Will the digital skills divide force recruiters to switch hiring strategies?

5 April 2021

Organizations need to switch up their recruitment strategies, including upskilling or reskilling existing staff with training. (Photo by EMMANUEL DUNAND / AFP)

The digital economy continues to shift and evolve revolve rapidly, but the one constant seems to be that the continuous demand for specialized digital skills means that organizations need to switch up their recruitment and talent development strategies to stay relevant when it comes to making Human Resource (HR) decisions.

After all, the express rate of digitalization that companies are experiencing now is creating a sizable digital skills gap, one that is just growing more pronounced – the UK, for instance, is estimated to lose out on US$68 billion in GDP per year because of it.

When there is a lack of ready hires with adequate digital skills, employers are forced to compete over a dwindling talent resource pool that are ‘digital natives’ – inevitably, they have to turn to a younger base of recruits, that might come equipped with at least some of the basic digital skills to begin with.

In fact, a report from three skills associations found that a near-comprehensive 92% of organizations state that having basic digital skills such as Microsoft Word/Excel proficiency and digital communication skills is important for their employees, with four in five job vacancies requiring them outright – but 23% of organizations still face significant trouble to recruit for these abilities.

Equipping the right digital skills

Once considered a ‘nice to have’, digital skills are now up there with technical expertise and experience as major influences in the modern job market.

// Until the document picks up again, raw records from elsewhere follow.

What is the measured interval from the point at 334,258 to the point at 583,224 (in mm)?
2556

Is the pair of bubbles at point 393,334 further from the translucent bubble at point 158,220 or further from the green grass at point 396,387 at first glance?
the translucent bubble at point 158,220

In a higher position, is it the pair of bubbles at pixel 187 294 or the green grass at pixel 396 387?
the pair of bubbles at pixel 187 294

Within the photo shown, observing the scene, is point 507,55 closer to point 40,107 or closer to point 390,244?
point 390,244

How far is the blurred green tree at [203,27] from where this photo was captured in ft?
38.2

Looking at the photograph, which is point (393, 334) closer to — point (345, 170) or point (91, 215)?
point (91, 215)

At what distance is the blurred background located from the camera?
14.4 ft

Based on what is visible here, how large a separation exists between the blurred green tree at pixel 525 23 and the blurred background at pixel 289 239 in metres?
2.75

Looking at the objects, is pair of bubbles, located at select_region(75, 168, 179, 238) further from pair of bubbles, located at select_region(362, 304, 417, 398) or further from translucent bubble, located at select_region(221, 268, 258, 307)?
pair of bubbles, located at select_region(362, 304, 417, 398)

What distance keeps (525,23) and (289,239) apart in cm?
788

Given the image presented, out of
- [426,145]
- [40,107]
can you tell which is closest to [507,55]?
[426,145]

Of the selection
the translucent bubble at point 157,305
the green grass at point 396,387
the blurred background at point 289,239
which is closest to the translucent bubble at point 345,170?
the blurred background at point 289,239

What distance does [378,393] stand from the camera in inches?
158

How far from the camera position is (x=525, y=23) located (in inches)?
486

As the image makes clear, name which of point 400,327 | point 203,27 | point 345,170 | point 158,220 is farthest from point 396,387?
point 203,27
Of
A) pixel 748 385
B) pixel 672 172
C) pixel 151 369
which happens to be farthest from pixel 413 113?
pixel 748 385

But analysts warn that in the rush to secure your very own digital natives, employers need to ensure they are not overlooking soft skills that are harder to quantify, like communications, problem-solving, critical thinking, teamwork, and professional ethics.

And the motivating thinking behind this is that while technically-skilled jobs are more vulnerable to technological replacements like workplace automation, soft skills are – at this stage, at least – still difficult to replace with technology. This trend is projected in a Deloitte paper that forecasts that occupations heavy on soft skills will account for two-thirds of all jobs by 2030, compared to just half that amount in 2000.

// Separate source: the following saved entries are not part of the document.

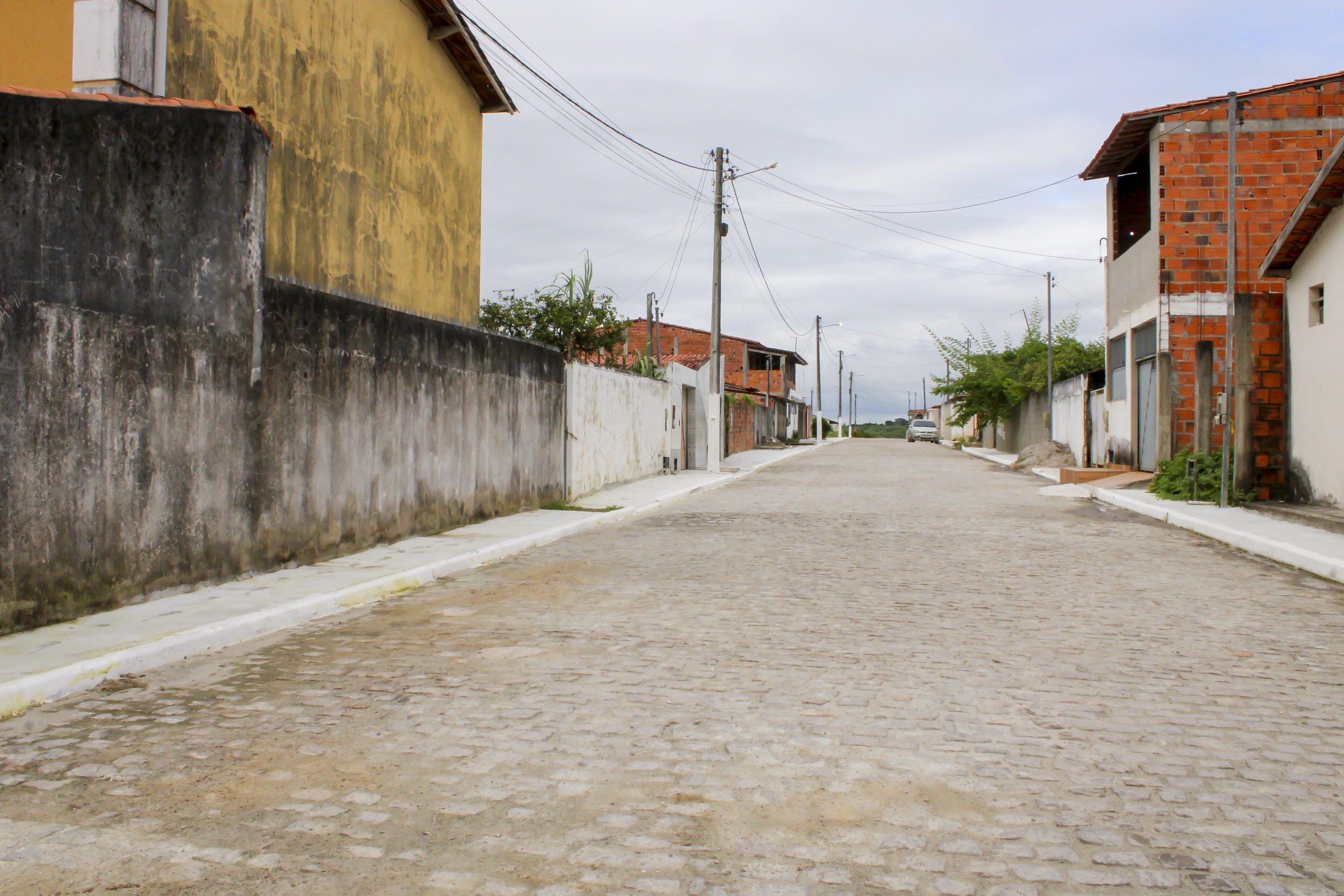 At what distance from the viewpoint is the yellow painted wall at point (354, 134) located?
35.9ft

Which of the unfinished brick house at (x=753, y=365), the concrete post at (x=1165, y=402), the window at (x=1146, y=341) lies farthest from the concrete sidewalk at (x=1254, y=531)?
the unfinished brick house at (x=753, y=365)

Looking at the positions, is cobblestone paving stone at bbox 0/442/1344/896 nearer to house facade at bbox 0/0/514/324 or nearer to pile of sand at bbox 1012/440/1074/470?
house facade at bbox 0/0/514/324

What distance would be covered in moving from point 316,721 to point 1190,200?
20.6 metres

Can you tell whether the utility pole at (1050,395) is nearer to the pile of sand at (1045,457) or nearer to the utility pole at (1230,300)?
the pile of sand at (1045,457)

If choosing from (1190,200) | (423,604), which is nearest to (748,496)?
(1190,200)

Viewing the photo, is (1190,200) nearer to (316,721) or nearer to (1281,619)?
(1281,619)

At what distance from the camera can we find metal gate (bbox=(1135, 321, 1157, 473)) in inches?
846

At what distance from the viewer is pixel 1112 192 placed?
24.3 metres

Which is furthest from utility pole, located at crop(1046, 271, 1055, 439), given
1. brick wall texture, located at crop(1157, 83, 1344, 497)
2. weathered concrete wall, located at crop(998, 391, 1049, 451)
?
brick wall texture, located at crop(1157, 83, 1344, 497)

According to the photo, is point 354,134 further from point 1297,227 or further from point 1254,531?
point 1297,227

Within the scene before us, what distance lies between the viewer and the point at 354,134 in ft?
43.6

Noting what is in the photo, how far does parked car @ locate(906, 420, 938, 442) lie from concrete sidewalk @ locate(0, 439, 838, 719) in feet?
202

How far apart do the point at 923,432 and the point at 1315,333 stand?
56.9m

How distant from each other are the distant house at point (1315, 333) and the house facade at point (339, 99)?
1256cm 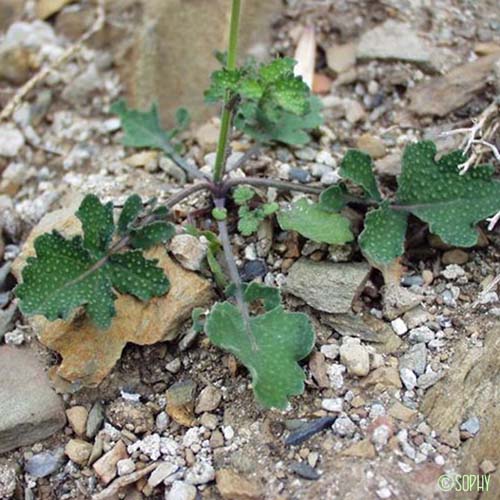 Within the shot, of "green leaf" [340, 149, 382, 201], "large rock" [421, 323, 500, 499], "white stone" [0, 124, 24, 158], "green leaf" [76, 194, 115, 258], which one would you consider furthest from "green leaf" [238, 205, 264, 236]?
"white stone" [0, 124, 24, 158]

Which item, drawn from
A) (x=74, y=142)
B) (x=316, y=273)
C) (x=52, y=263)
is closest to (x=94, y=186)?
(x=74, y=142)

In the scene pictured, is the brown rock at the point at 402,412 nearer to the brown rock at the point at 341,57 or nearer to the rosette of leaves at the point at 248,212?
the rosette of leaves at the point at 248,212

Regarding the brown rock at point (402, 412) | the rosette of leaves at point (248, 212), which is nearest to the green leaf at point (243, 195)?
the rosette of leaves at point (248, 212)

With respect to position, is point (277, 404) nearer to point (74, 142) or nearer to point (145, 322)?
point (145, 322)

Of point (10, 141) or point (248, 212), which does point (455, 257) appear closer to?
point (248, 212)

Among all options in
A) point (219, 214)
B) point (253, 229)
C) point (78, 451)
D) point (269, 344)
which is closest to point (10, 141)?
point (219, 214)

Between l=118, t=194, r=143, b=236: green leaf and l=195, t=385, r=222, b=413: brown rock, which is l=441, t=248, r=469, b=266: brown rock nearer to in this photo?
l=195, t=385, r=222, b=413: brown rock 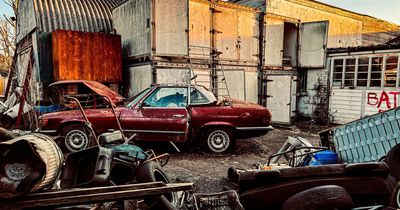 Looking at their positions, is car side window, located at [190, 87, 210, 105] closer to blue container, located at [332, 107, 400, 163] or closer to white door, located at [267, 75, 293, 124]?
blue container, located at [332, 107, 400, 163]

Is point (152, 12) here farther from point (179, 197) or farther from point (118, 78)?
point (179, 197)

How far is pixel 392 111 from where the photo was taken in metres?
4.26

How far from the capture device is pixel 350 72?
440 inches

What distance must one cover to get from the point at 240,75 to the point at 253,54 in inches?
48.9

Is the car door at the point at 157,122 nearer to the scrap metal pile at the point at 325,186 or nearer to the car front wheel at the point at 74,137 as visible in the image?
the car front wheel at the point at 74,137

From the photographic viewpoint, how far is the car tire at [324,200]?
8.85 feet

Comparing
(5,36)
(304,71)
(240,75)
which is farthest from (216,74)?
(5,36)

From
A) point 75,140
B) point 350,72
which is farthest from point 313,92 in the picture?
point 75,140

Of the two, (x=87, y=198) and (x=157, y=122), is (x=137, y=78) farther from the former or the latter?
(x=87, y=198)

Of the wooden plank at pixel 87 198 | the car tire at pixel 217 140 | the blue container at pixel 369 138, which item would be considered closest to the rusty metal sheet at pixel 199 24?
the car tire at pixel 217 140

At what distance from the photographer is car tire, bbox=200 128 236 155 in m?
6.61

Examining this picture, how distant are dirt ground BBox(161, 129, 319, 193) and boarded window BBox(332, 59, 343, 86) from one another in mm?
4303

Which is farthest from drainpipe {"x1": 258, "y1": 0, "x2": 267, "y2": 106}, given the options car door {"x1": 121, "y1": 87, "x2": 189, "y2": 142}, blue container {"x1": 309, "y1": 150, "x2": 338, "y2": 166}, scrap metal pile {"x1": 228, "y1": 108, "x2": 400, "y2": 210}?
scrap metal pile {"x1": 228, "y1": 108, "x2": 400, "y2": 210}

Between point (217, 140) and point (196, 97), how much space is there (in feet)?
3.87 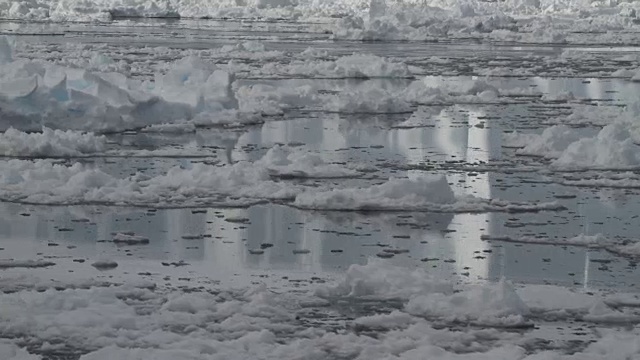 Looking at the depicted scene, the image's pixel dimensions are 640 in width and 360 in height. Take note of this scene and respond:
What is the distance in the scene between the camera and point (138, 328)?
18.9ft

While some technologies like artificial intelligence have shown a little promise in soft skill fields, more often than not, human involvement is still required to have things ticking along smoothly. The bottomline is that, at this stage at least, employers still need a well-rounded workforce – comprising of both experience and youth, digital specialists and individuals with soft skills.

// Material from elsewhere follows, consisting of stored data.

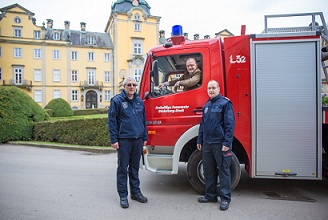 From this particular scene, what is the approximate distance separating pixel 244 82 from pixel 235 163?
4.75 feet

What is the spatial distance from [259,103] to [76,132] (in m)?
8.70

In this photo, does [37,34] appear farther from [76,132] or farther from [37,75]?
[76,132]

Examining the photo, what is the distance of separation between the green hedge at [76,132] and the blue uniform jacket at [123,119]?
633 cm

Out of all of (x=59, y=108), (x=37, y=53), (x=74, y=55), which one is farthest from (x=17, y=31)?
(x=59, y=108)

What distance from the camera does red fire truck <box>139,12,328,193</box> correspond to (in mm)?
4387

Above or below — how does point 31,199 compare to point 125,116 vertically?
below

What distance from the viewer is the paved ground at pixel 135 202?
401 centimetres

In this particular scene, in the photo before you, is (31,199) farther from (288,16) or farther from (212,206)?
(288,16)

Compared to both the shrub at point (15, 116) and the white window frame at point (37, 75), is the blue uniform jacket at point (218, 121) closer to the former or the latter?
the shrub at point (15, 116)

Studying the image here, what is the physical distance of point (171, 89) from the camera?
4.97 meters

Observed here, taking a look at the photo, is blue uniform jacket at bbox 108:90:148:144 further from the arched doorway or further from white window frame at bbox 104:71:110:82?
white window frame at bbox 104:71:110:82

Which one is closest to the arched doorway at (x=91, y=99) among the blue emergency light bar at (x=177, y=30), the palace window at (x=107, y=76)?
the palace window at (x=107, y=76)

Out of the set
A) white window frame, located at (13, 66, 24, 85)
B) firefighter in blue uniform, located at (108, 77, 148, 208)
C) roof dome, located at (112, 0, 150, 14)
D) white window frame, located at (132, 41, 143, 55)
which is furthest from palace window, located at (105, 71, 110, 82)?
firefighter in blue uniform, located at (108, 77, 148, 208)

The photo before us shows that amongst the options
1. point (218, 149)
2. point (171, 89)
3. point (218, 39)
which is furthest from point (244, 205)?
point (218, 39) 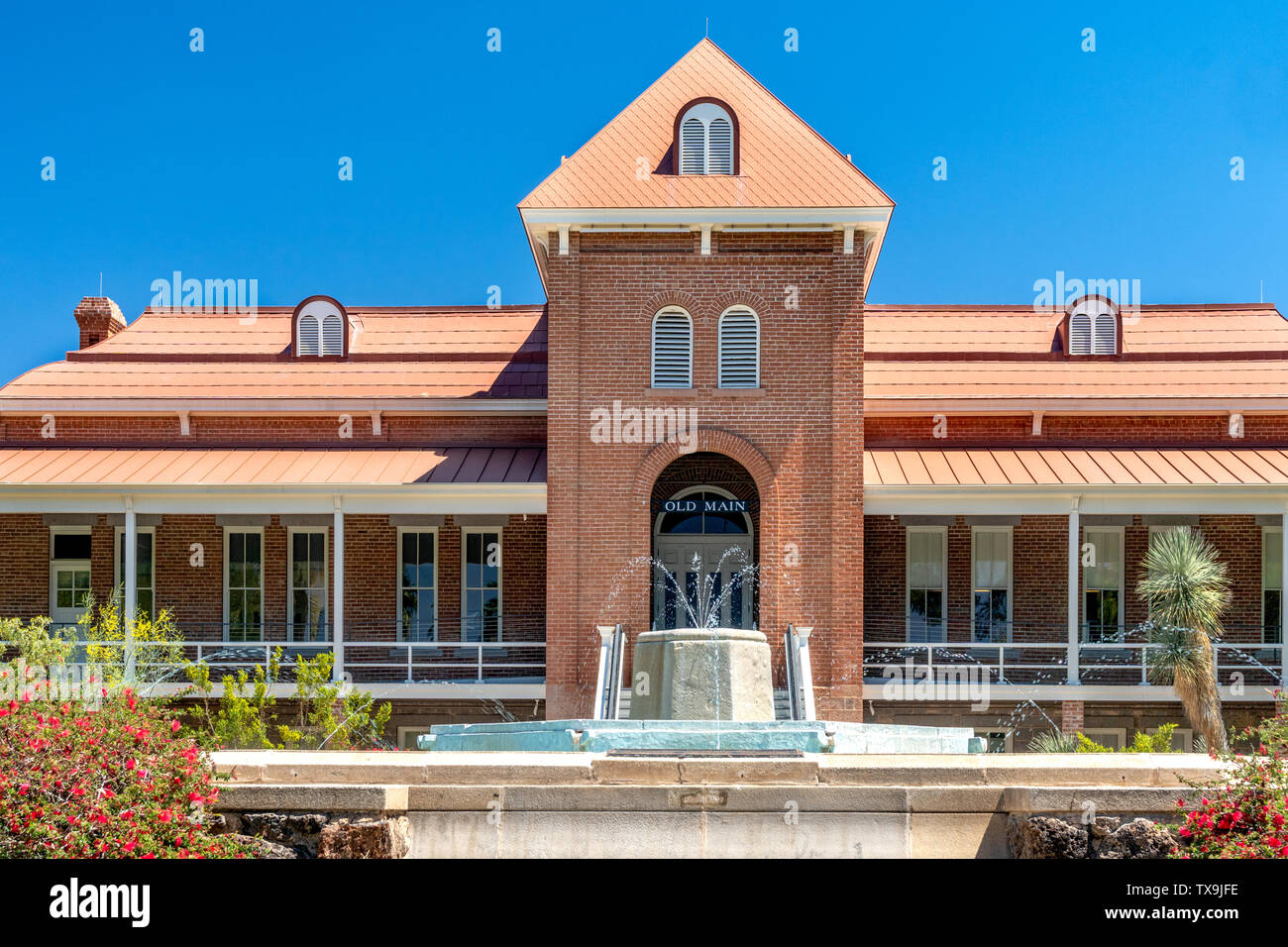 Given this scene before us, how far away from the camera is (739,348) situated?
69.2ft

But advanced digital skills like computer-aided design or coding are also more important than ever before, with the Learning and Work Institute reporting that 27% of employers require the vast majority of their staff to possess these abilities, while another 60% say they expect their reliance on advanced digital capabilities to shoot up significantly in the five years – but 37% of organizations say their teams still lack these skills.

Hiring for such precise skills might prove challenging, so Gartner recommends sourcing for job candidates with “adjacent skills” to the ones they need, instead of narrowing down to the hard-to-find specialization alone.

In a news release about Gartner’s findings, director in the Gartner HR practice, Alison Smith, said, “Companies can look at current employees who have skills closely matched to those in demand and utilize training to close any gaps.”

The organization can then support the employee with any reskilling or upskilling training that might be needed. “HR leaders don’t necessarily have to look in the IT function to fill a critical role in IT,” Gartner points out, “but instead, they can look at skills throughout the organization to identify opportunities to fill those skills gaps.”